Snowflake Grain ElevatorsWe are all busy these days, so it is important to use your time wisely when you're out taking pictures. It's especially important when you intend to shoot at multiple locations. There are a lot of things to consider:

  • Which locations do you want to photograph?
  • What's the best route?
  • Is there a particular time you need to be at a location?
  • Am I fully prepared?

I've been working toward photographing every grain elevator in my home province of Manitoba, Canada. I've photographed over 140 of them!  I have already photographed all of them near to me, and now I must drive at least 3 hours to see a new one. With the distances involved, it is important for me to optimize my time to ensure that A) I photography as many as I can, and B) I don't miss any.

In August last year I photographed 48 elevators in two days, driving about 1200 km (750 miles). My next trip will be to the northwest corner of the province, where there are a bit over 40 elevators to photograph.

Target Acquisition

First, you need to decide what you are going to photograph. For me I had to find all existing grain elevators in the province. There are a few elevator-specific web sites that helped. You'll need to determine where to look for your particular photographic “target list”. Scouting locations on Flickr or 500px is helpful.

After that, Google Maps and Street View are your friends.

We live in amazing times where a satellite view of a location is available with a few mouse clicks. Google Maps (or Bing, or Yahoo!) provide great satellite views to help you identify landmarks or buildings that you wish to photograph. If you're looking for, say, abandoned farm houses or ghost towns, some hunting with Google Maps may bring up a possible target. I like to use the map view to follow rail lines then use the satellite view, zoomed in, to find the grain elevators.

Next you will want to try a Street View to see how it will look when you are there. Street View is great but not available in many locations. I've found that it will be available on major and many minor roads. Often a Street View will show me that the grain elevator I saw in the satellite view doesn't exist any more, saving me a stop!

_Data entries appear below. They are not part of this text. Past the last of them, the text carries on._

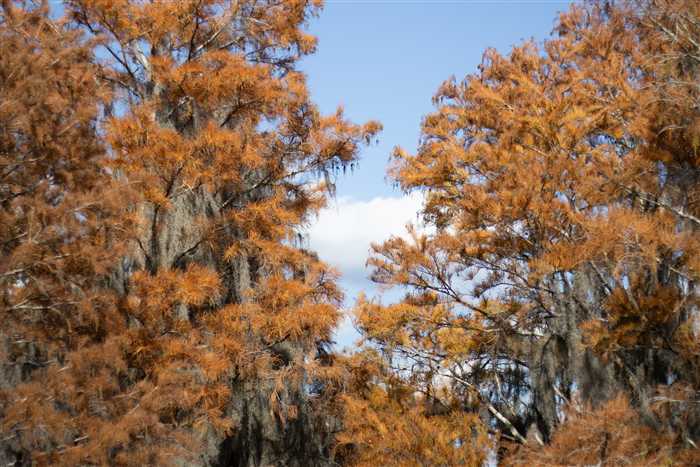 Okefenokee, photo 58 of 62
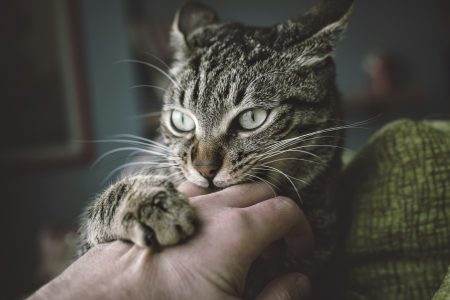 Portrait of tabby cat biting and scratching owner's hand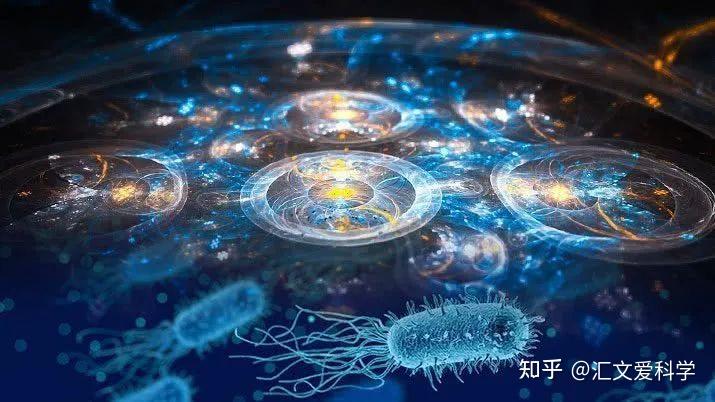 秘密网站秘密网站，隐藏在互联网背后的神秘世界-第2张图片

Be sure to record the location – either the street address or the GPS coordinates.

Tip: In Google Maps on your desktop browser, you can get the GPS coordinates by right-clicking on the location and selecting “What's here?” The GPS coordinates are shown in the popup box.

If you have a limited time, you may wish to rate the targets to help you pick the ones you really, really want to shoot.

Routing

Once you have a list of locations to photograph, the next step is to plan a route to get to each spot in the most efficient way possible. I like to make a spreadsheet.

Sample Trip Planning Spreadsheet

Sample Trip Planning Spreadsheet

Each row has the start and end of the trip segment, four times, and the GPS coordinates. I enter the first start time, the travel time to the destination, and the dwell time (the time I plan to spend photographing at the site), and have Excel calculate the arrival time and the next row's start time. That way I can change the start time such that the last arrival time matches my goal – whether it is to be home at a certain time, sunset, or whatever.

I get the travel time from Google Maps by asking for directions between the two locations.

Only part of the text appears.